• **WHAT NEEDS TO BE DONE**: Repeat the listing that follows exactly. Pictures are not part of the copy.

··· GIVEN MATERIAL

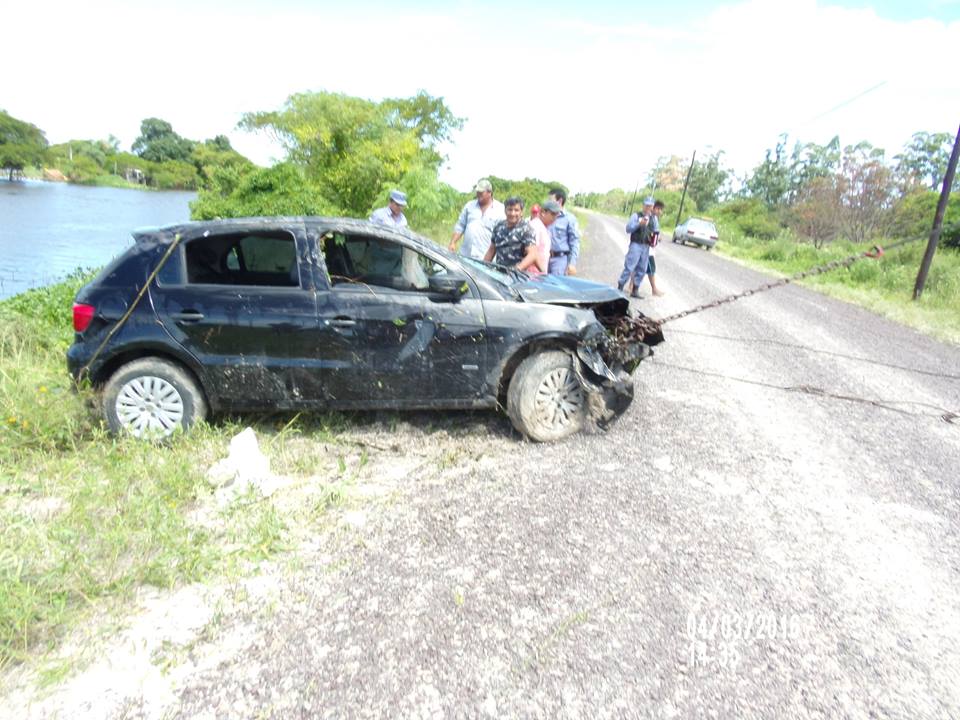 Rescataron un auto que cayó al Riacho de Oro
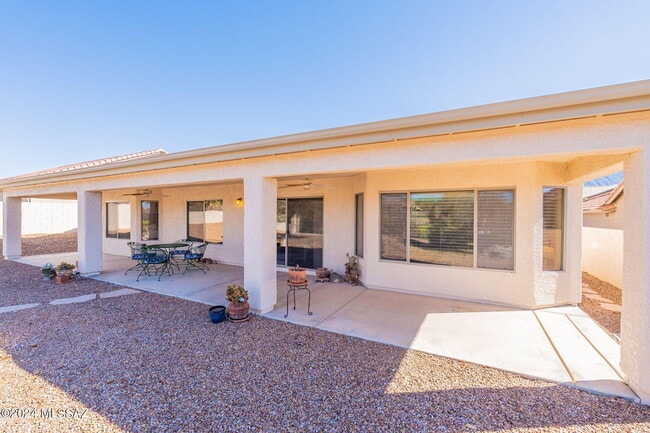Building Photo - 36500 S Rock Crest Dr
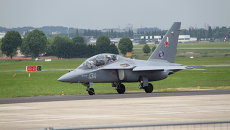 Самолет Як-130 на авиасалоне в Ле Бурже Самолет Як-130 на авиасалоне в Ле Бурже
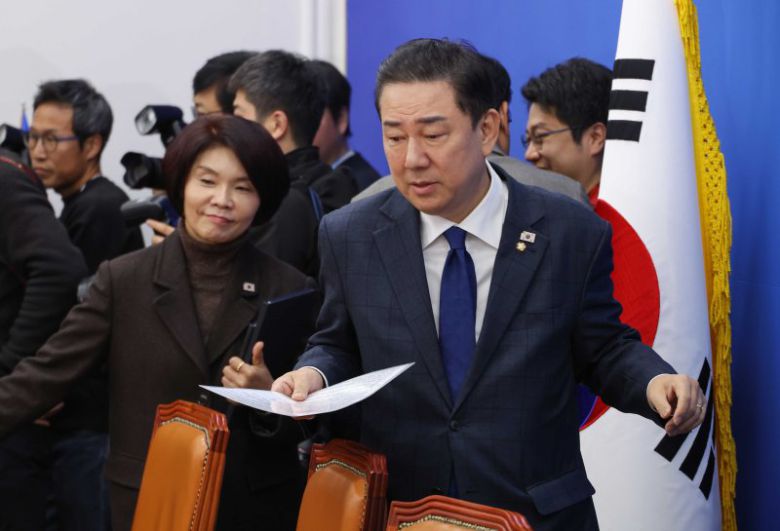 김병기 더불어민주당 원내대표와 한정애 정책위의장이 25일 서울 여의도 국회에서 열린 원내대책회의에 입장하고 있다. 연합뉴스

······

• **SOLUTION**:
 Rescataron un auto que cayó al Riacho de Oro
Building Photo - 36500 S Rock Crest Dr
 Самолет Як-130 на авиасалоне в Ле Бурже Самолет Як-130 на авиасалоне в Ле Бурже
 김병기 더불어민주당 원내대표와 한정애 정책위의장이 25일 서울 여의도 국회에서 열린 원내대책회의에 입장하고 있다. 연합뉴스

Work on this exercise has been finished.